Мы летели с полуострова в Москву на огромном Ту-154 на балансе министерства обороны: Никита Михалков впереди, пресс-пул в хвосте. И мне отчего-то вспоминались слова генерала Деникина из его очерков русской смуты: «На дредноуте “Мальборо” мы уходили от постылых берегов Босфора, унося в душе неизбывную скорбь».

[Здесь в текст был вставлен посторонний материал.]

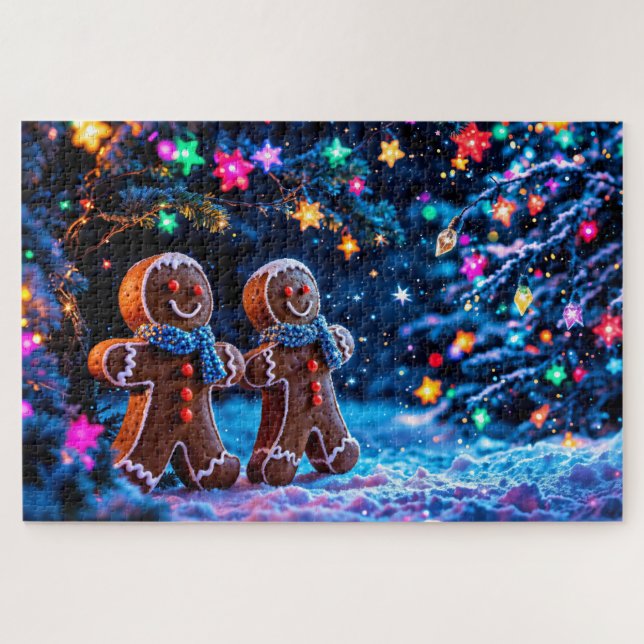 Winter holiday gingerbread Christmas art Jigsaw Puzzle (Horizontal)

Эту фразу я перепечатываю из репринта 1991 года издательства «Наука». В 91-м книжка эта стоила сумасшедшие 18 рублей, а мне досталась в заштатном букинисте, в идеальном состоянии, за копейки. Могила самого Деникина одиноко ветшает на кладбище Донского монастыря. Та прекрасная Россия в солнечном ударе, образ которой един у Михалкова, в мамлеевской концепции «России Вечной», в прохановских ежегодных кирпичах, да и много где еще — она находится, очевидно, над небом голубым, в прекрасном далеке, а мы ловим только иногда, и часто с неохотой, отблески ее далекого сияния. По крайней мере, до тех пор пока при звуках национального гимна подавляющее большинство граждан РФ вспоминают слова Сергея Михалкова.
Однако в последнее время в борьбе концепций «Россия, которую мы потеряли» и «Как грустна наша Россия», которые было слились в безжалостном угаре четверть века назад, с очевидностью побеждает первая. Потому что на методы выражения второй смотреть без омерзения стало невозможно. Дадут ли «Левиафану» «Оскар», не дадут — великим русским фильмом он не станет. А в том, что «Солнечный удар» — великий русский фильм, сомневаться трудно. Для этого мало не любить Михалкова, мало не любить Россию: для этого нужно быть предельно нечестным.
Забавно, что вопрос о легитимности на экране наречия «нахер» даже не стоит. Михалков сказал — значит, можно. А попусту сквернословить не положено.